The company has just revamped the Schweppes brand in the UK and launched a new range of premium mixers, Schweppes 1783. Meanwhile, in Spain it has introduced Royal Bliss, a new premium mixer brand only sold in the on-premise channel.

Coca-Cola is also building a foundation in “sophisticated flavours” with brands including Appletiser in Europe.

Speaking on an analyst call following the company’s Q3 results yesterday (25 October), Coca-Cola CEO James Quincey said: “As you know, more consumers, most notably adults, are seeking unique and distinct products with sophisticated flavours, quality ingredients, and smaller-scale craft production.

“We’re looking at opportunities in growing premium segments such as adult craft beverages.”

READ MORE: Global behemoths versus small brewers – The battle for the craft beer market

While Coca-Cola is attempting to reconfigure its business to become a “total beverage company”, it is still reliant on sparkling sales, a sector where sales are sluggish as consumers turn to healthier options.

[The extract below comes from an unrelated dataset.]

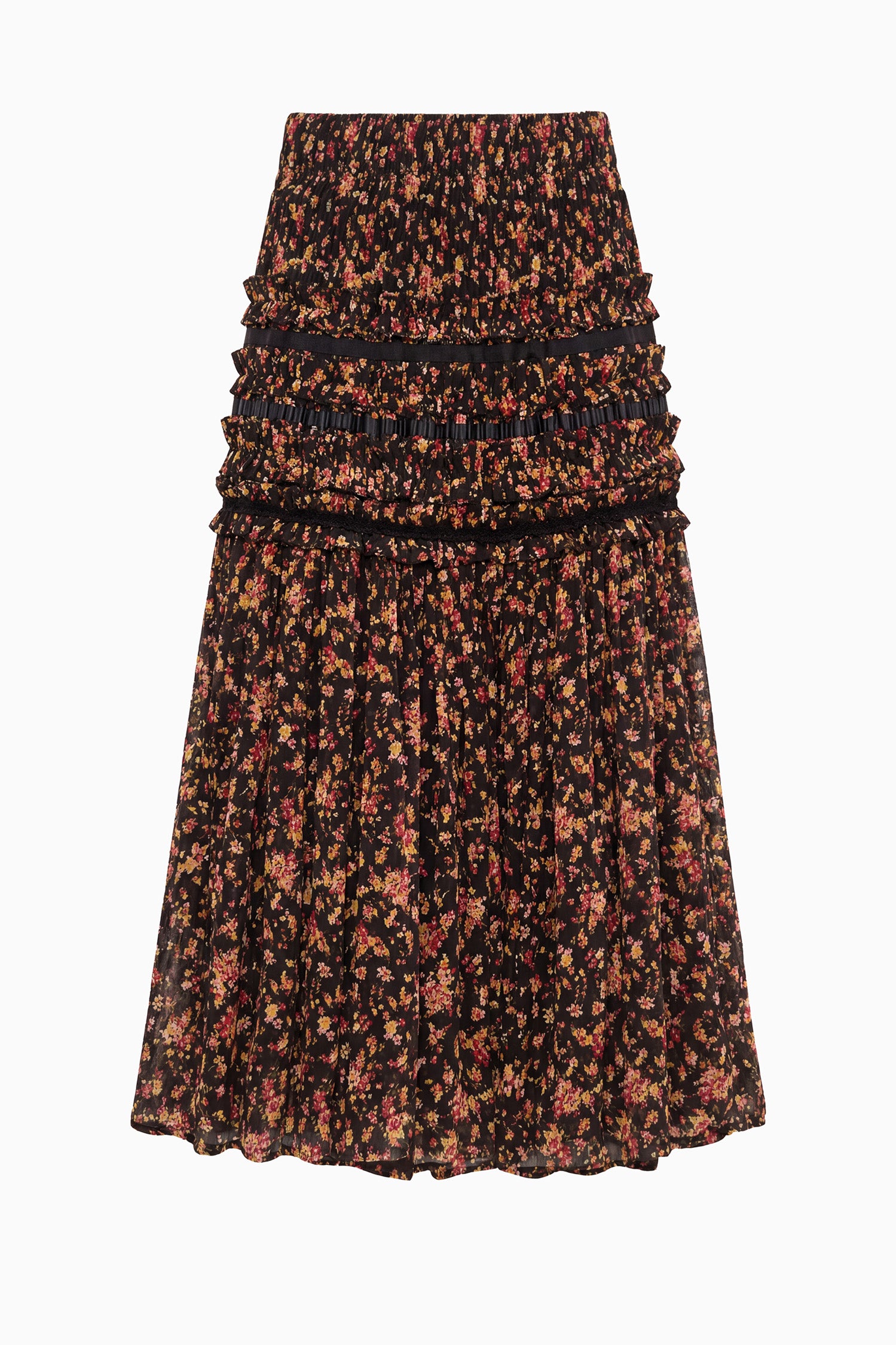 Ulla Johnson Auden Silk Skirt - Noir Mille Fleur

However, while sales at the company were down in the quarter, the fall was not as bad as many analysts had feared. Sales dropped 15% to $9.1bn in the three months to the end of September, ahead of analyst expectations of $8.72bn.

Coca-Cola put this down to successful reformulation and relaunch of products such as Coke Zero Sugar. Quincey said that in markets such as the UK where it has been on sale for more than 12 months it is seeing “continued acceleration that is lifting the whole franchise”.

While he admitted that Coke Zero Sugar does at times cannibalise both Diet Coke and Coke Original, there is “additional volume and additional consumers coming back into the franchise.”

“It’s unrealistic to expect cannibalisation to be zero. But obviously the key is that to be a net positive. So, we are pleased with how it’s playing out. It’s slightly different in different countries depending on the mix of the Coke franchise in those countries, but it’s a net positive and we are encouraged,” explained Quincey.

However, he also admitted that not all its efforts have worked. For example, in Costa Rica Coca-Cola launched a Fanta sweetened with only juice and no added sugar but found that consumers saw it as an incremental not an improvement and so it has had to bring back the original formula.

“The lesson is ultimately that a single approach across all markets will not work. We need to tailor our approach based on consumer mindset and tastes in each market. Further, our model needs to be flexible, so if a brand introduction isn’t successful, we can adapt and change strategies quickly. And we have empowered our local leaders to make these key brand decisions,” he said.